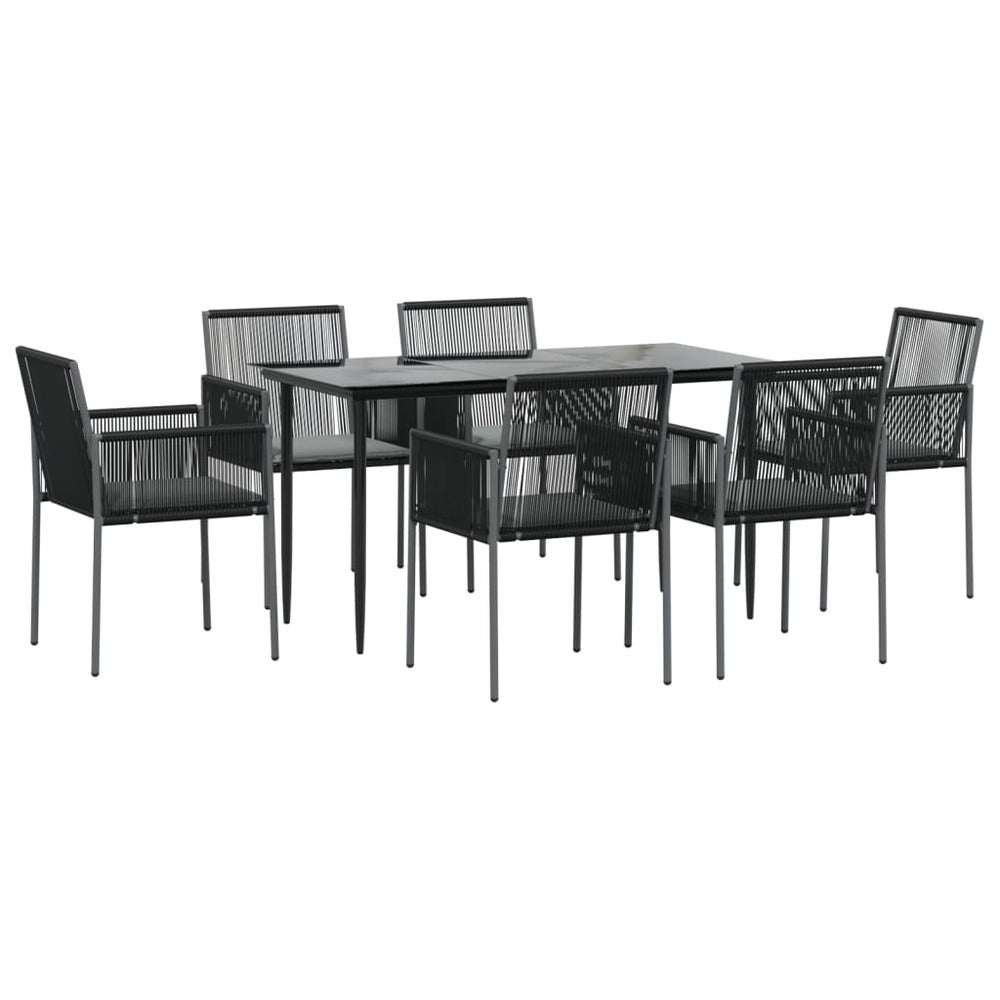 VIDAXL Ensemble à Dîner De Jardin Coussins 7 Pcs Noir Rotin Et Acier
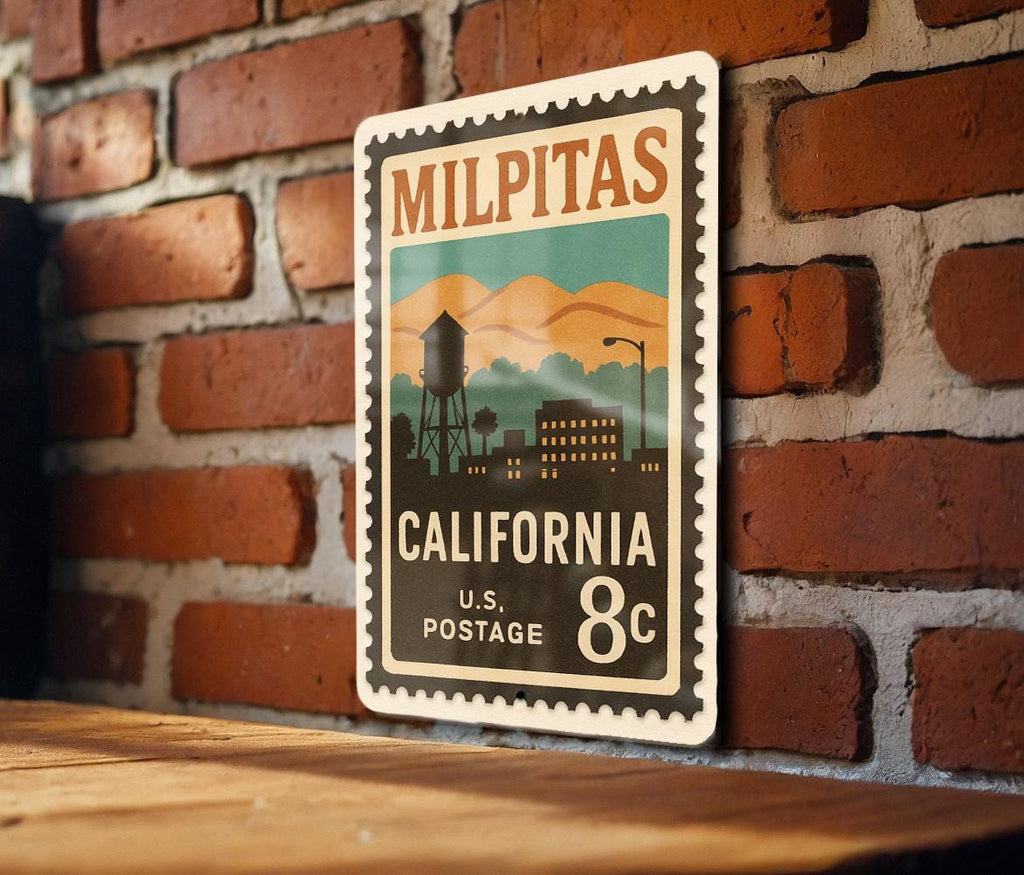 Milpitas California Metal Sign Featuring Retro Postage Stamp Design with Cityscape and Landmark Illustration — photo 1
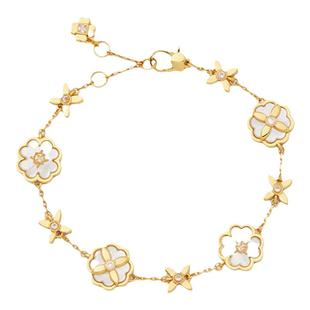 【3期免息】kate spadeks Heritage bloom桃心四叶花手链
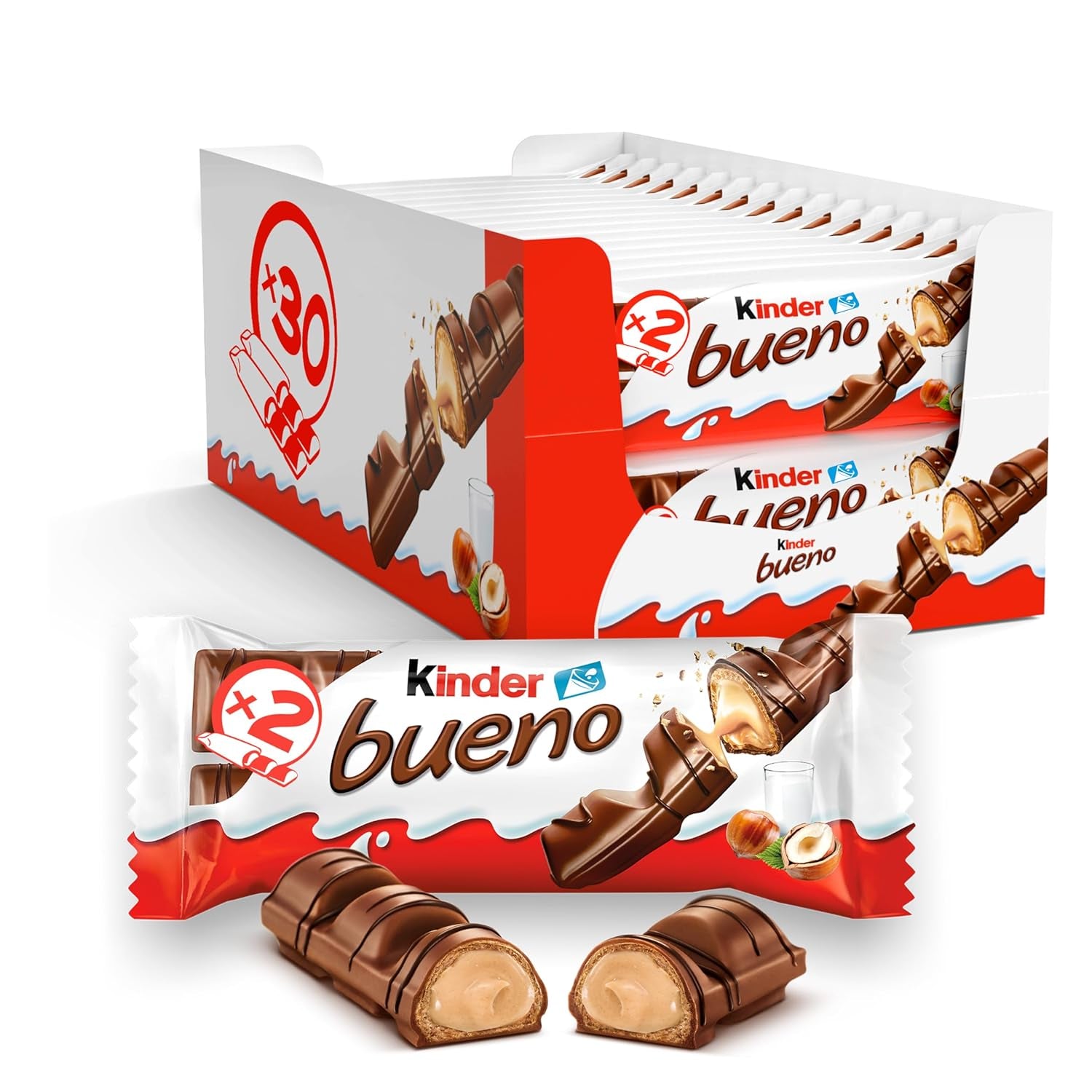 Kinder Bueno Mini - Crunchy Wafer Chocolate Bars, Milk Cream and Hazelnuts and Fine Milk Chocolate - Carnival Treats - 1 Bag of Mini Individually Wrapped Bars (1 x 108g)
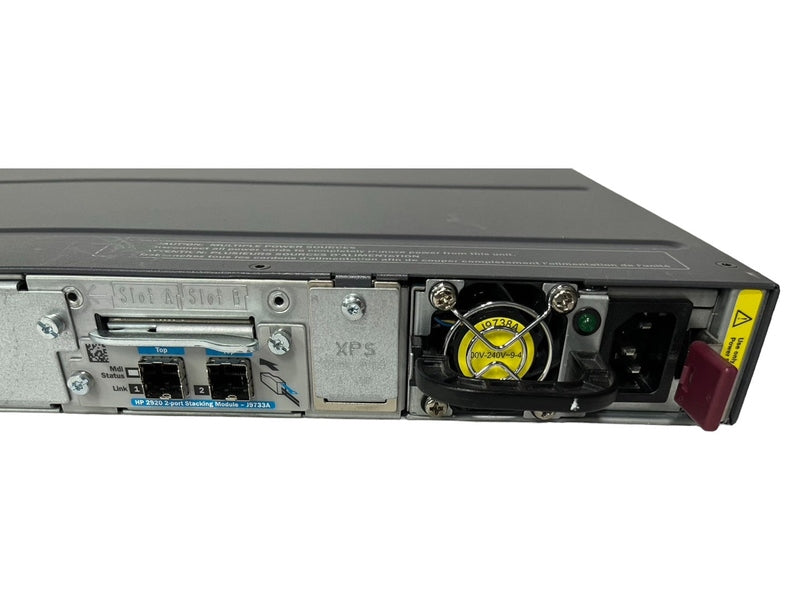 HPE Aruba J9729A 2920-48G-PoE+ 370W Switch, with Power Supply J9738A and Stacking Module J9733A *Used refurbished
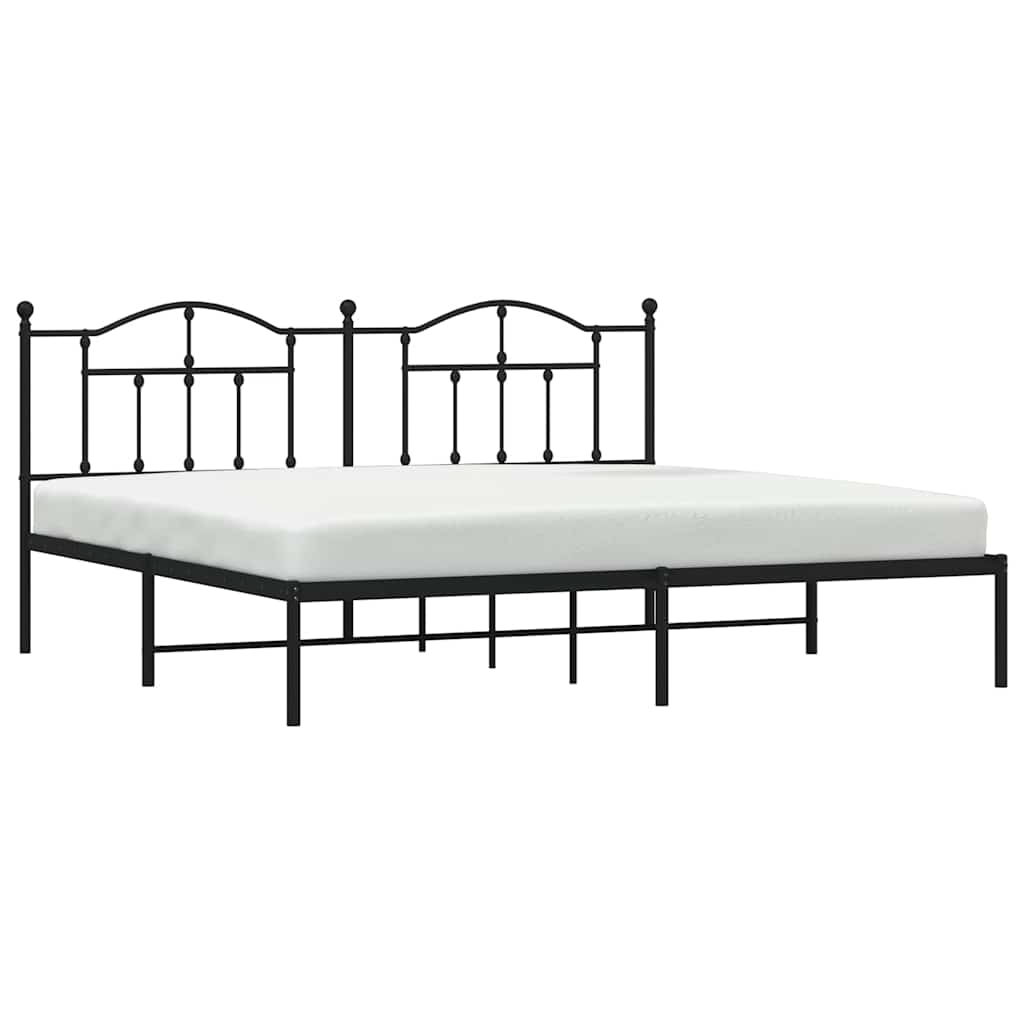 sengeramme med sengegavl 200x200 cm metal sort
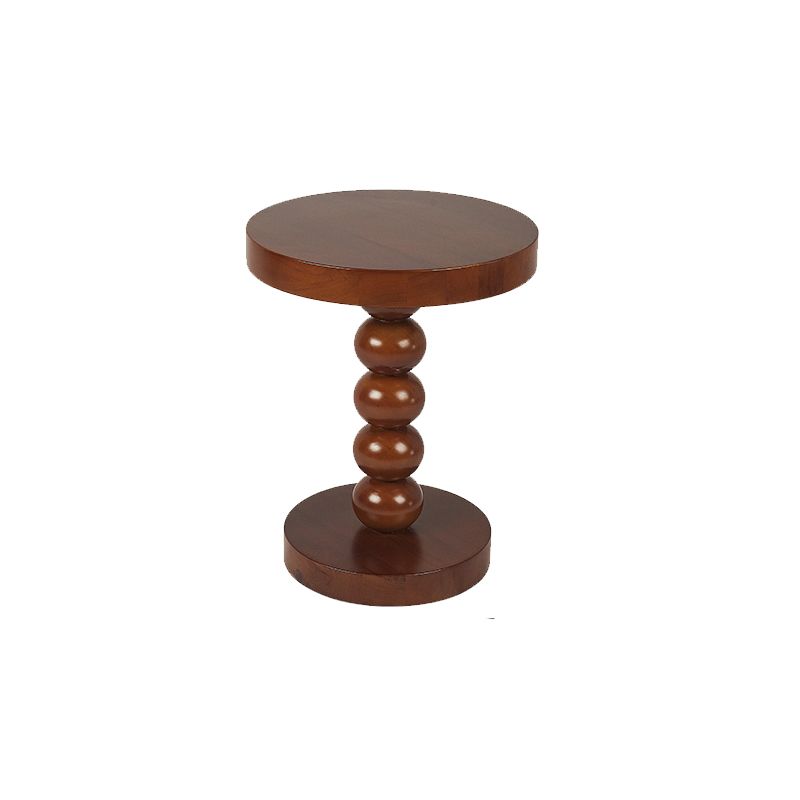 Traditional Round Wooden End Table 15.74" Wide Pedestal Side Table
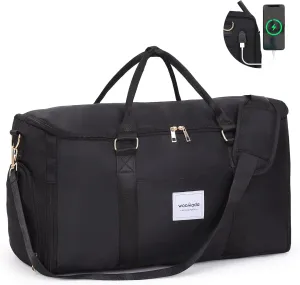 WOOMADA Travel Garment Bag, Convertible Garment Duffle with Shoe Bag and Hanging Dress Compartment for Women, Carry-On Luggage for Business and Leisure Trips(Black)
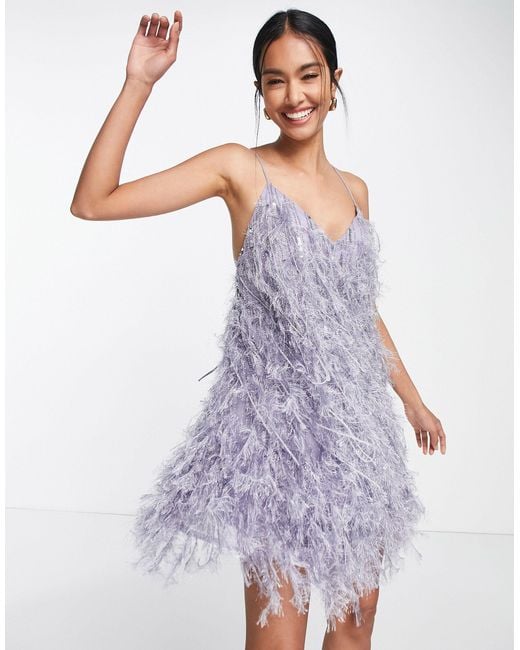ASOS Synthetic Feather & Sequin Mini Dress With Low Back in Purple | Lyst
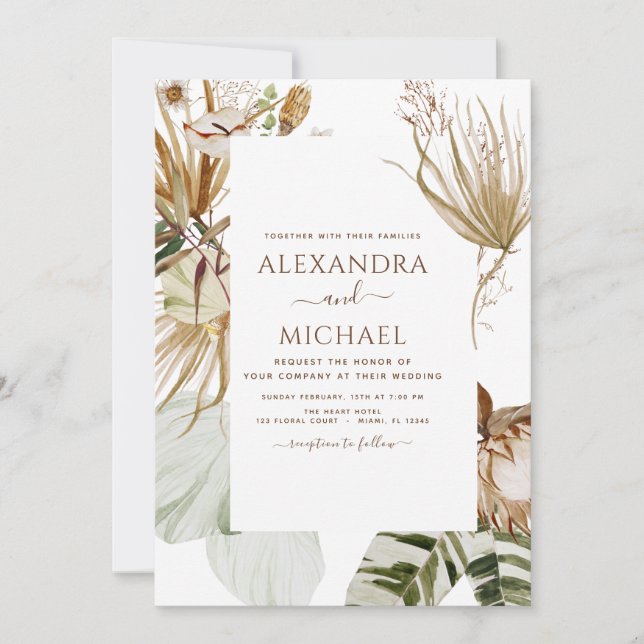 Pampas Grass Photo Bohemian Boho Tropical Wedding Invitation (Front)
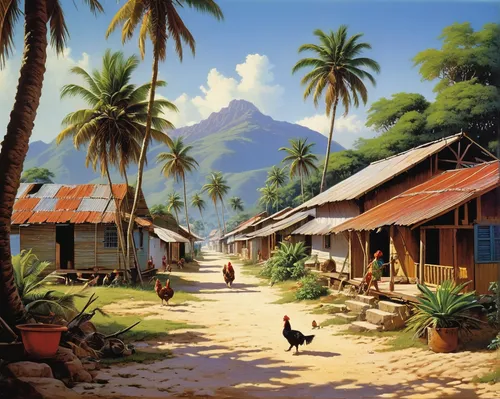 southeast asia,fishing village,village scene,kohphangan,vietnam,tahiti,haiti,laos,thailand,traditional village,borneo,mountain village,thai,rural landscape,village life,moorea,samoa,home landscape,seychelles,south east asia,Conceptual Art,Sci-Fi,Sci-Fi 19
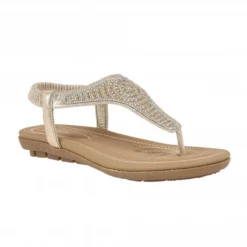Gold Orla Flat Toe-Post Sandals | Lotus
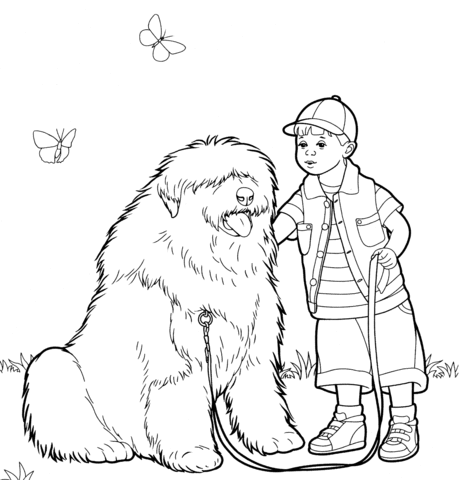 466x480 Old English Sheepdog (Bobtail) Coloring Page Free Printable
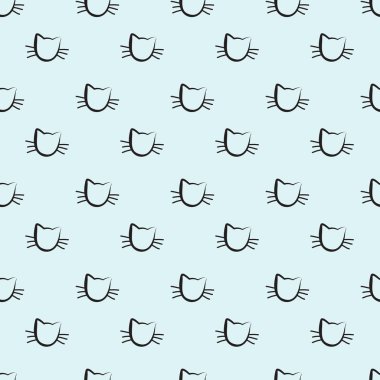 Elle çizilmiş kedi Dikişsiz desen vektör. Moda Kumaş Tekstil tasarımı veya Web duvar kağıdı için sonsuz arka plan Doodle kedi kafaları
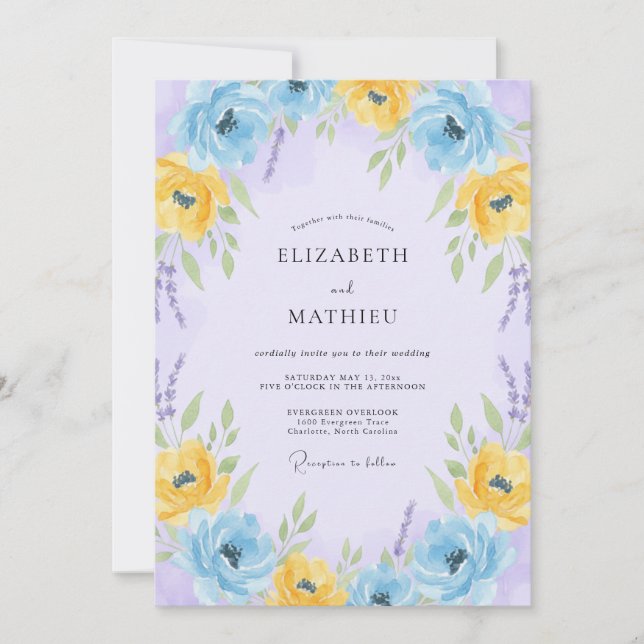 Lavender Vivid Springtime Wedding Invitation (Front)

* * *

> _Required work_
The line containing "spadeks Heritage bloom桃心四叶花手链" marks the end: retype every line from the first one in the listing up to and including it, without pictures.

> _Task output_
 VIDAXL Ensemble à Dîner De Jardin Coussins 7 Pcs Noir Rotin Et Acier
 Milpitas California Metal Sign Featuring Retro Postage Stamp Design with Cityscape and Landmark Illustration — photo 1
 【3期免息】kate spadeks Heritage bloom桃心四叶花手链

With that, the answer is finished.